▶ _Requirement_:
A faithful copy is needed of the lines below from the one with "Penyerang Salernitana asal" up to and including the one with "Aliağa’da Vatandaşlar ’milli"; set it down with no pictures and no other lines.
Records supplied below:
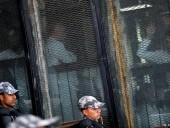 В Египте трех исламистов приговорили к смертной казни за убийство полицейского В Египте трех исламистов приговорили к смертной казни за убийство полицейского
End of Records supplied.
Records supplied below:
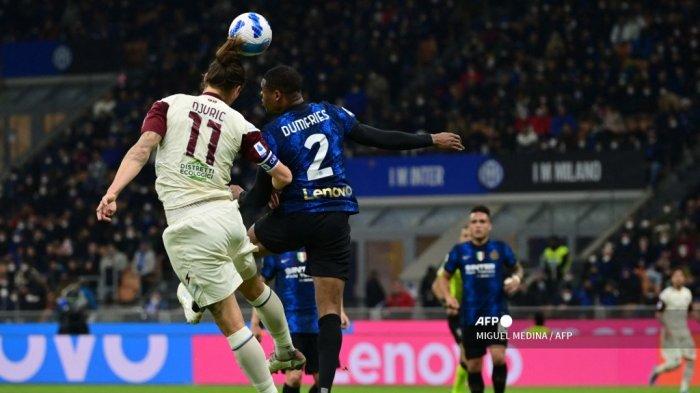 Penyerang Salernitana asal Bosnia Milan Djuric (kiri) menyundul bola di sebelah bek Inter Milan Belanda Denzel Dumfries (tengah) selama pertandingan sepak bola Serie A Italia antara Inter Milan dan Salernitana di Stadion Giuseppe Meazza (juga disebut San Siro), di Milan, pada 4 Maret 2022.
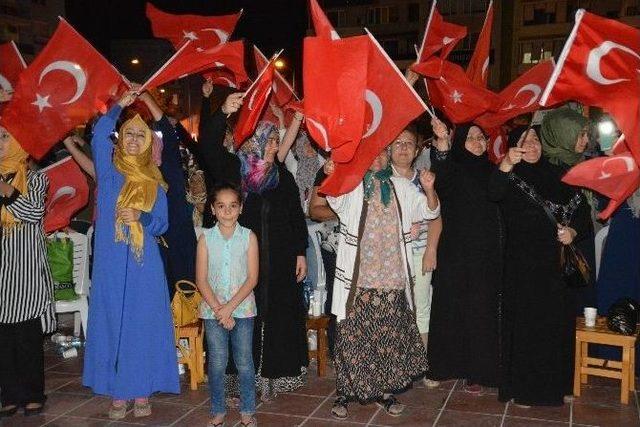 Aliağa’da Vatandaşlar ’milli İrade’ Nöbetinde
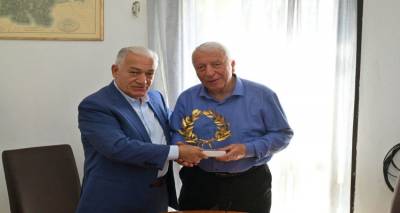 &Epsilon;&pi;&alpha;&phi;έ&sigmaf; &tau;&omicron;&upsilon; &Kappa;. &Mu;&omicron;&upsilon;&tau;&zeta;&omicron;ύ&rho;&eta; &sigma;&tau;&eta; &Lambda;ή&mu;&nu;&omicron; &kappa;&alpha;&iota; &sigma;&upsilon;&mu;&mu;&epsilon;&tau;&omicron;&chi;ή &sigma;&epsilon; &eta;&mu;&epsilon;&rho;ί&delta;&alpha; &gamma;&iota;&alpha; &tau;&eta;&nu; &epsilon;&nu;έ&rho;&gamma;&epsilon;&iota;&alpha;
End of Records supplied.
Records supplied below:
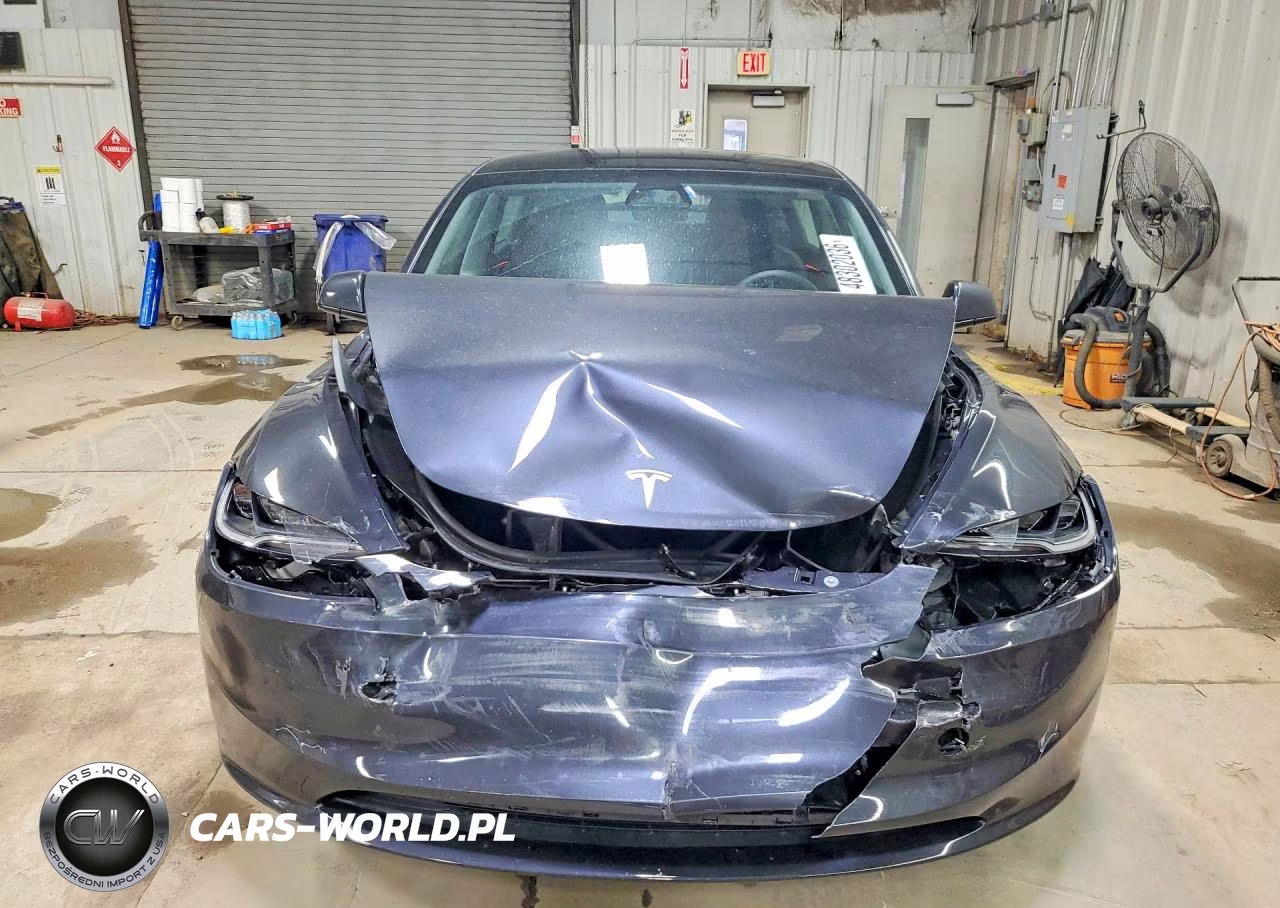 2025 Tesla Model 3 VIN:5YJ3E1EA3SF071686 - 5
End of Records supplied.
▶ _Written response_:
 Penyerang Salernitana asal Bosnia Milan Djuric (kiri) menyundul bola di sebelah bek Inter Milan Belanda Denzel Dumfries (tengah) selama pertandingan sepak bola Serie A Italia antara Inter Milan dan Salernitana di Stadion Giuseppe Meazza (juga disebut San Siro), di Milan, pada 4 Maret 2022.
 Aliağa’da Vatandaşlar ’milli İrade’ Nöbetinde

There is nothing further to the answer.